There’s an increasing body of research indicating that writing is a brain-training exercise that improves young and old minds alike. For young children, learning to write by hand early on improves motor skills, supports language development, and helps their brains learn. Handwriting is a valuable skill, and Montessori education recognizes this by focusing heavily on lettering, with a special emphasis on cursive writing.

1) Refines Motor Skills

It takes time for children to reach the point where they have the motor skills necessary to hold a pencil and hand write letters. You can help them with this at home by giving them opportunities to draw shapes using finger paints, chunky chalk, or pebble shaped crayons.

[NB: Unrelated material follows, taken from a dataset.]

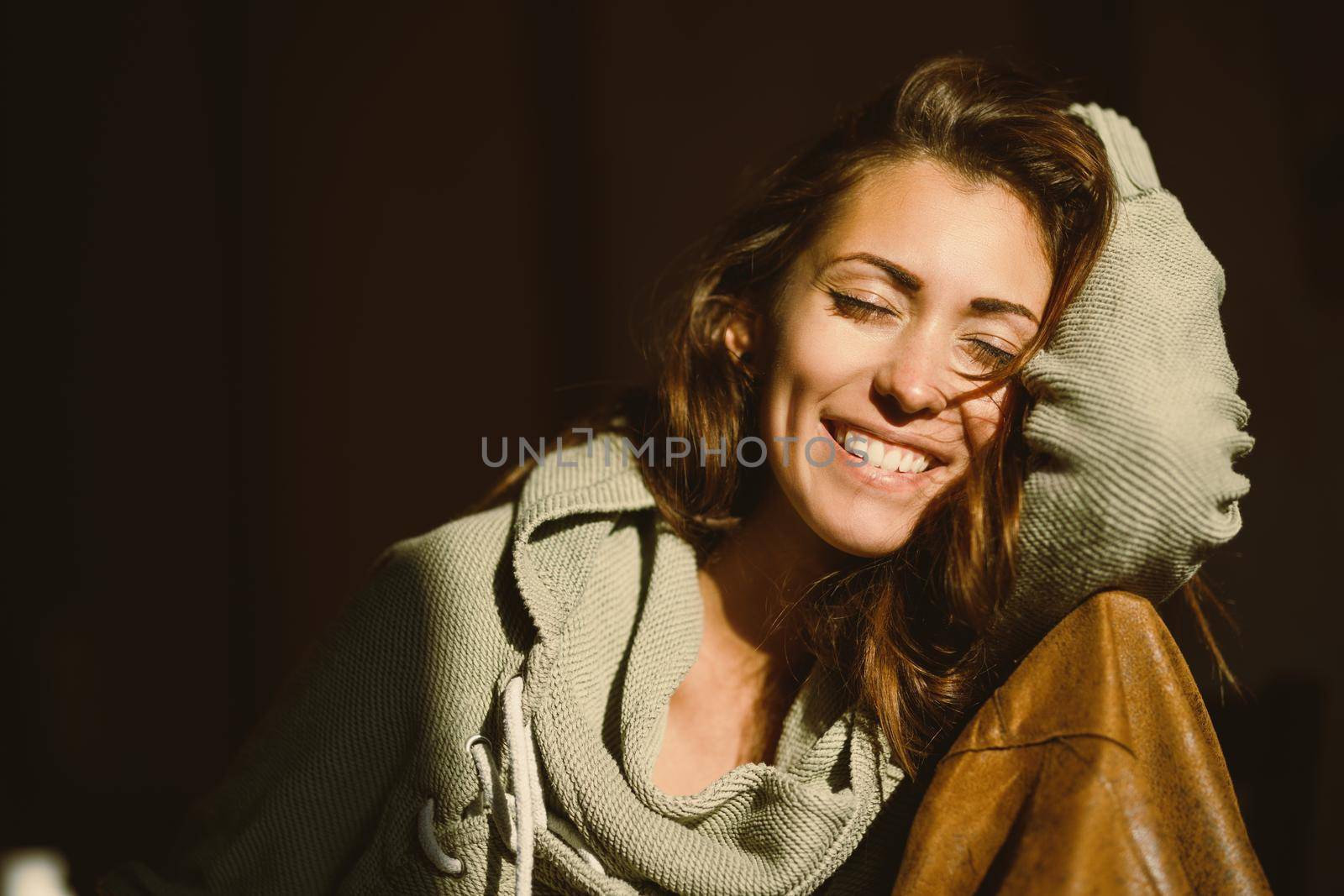 A cheerful young woman with closed eyes relaxing and enjoying a sunny morning.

Once kids start writing letters by hand, their motor skills just keep improving. Handwriting requires and develops fine motor skills in the hands and fingers, as well as hand-eye coordination. As your child progress through handwriting exercises, they’ll develop a high-level of handwriting skill and their own unique style of legible, beautiful handwriting.

2) Builds Language Skills

Once a child in a Montessori school begins writing by hand, they also begin reading. Rather than focusing on teaching children to read and write, we try to let them discover reading and writing side-by-side. Learning both at once supports children as they continue developing their reading comprehension and other language skills.

Handwriting can also improve the quality of a student’s writing. Here’s just one example. Research by Virginia Beringer , a professor of educational psychology at the University of Washington, demonstrated that children could write longer essays in less time when they wrote by hand instead of using a keyboard. The handwritten essays also included more complex ideas and sentences.

3) Enhances Neural Activity

Handwriting engages the brain’s learning centers in a way typing simply does not. A study published by Indiana University compared MRI scans from two groups of children. One group was asked to look at letters, while the other group was asked to print them by hand. Scans of the children who practiced handwriting showed more enhanced, “adult-like” neural activity.

Writing by hand can also make learning easier. There’s evidence that writing by hand increases learning comprehension even on into adulthood. Three studies conducted by Pam A. Mueller and Daniel M. Oppenheimer found that students who took notes by hand performed better on conceptual questions than students who typed their notes. Students who write by hand tend to engage more areas of the brain and process information more deeply than those who type.

While handwriting is still taught in many traditional educational institutions, it’s often limited to only an hour of instruction per week. That’s not enough time to really master a skill that’s much more valuable than you might think in this age of technology and typed communication. By continuing to teach handwriting, Montessori education provides tremendous benefit to its students now and in their future lives.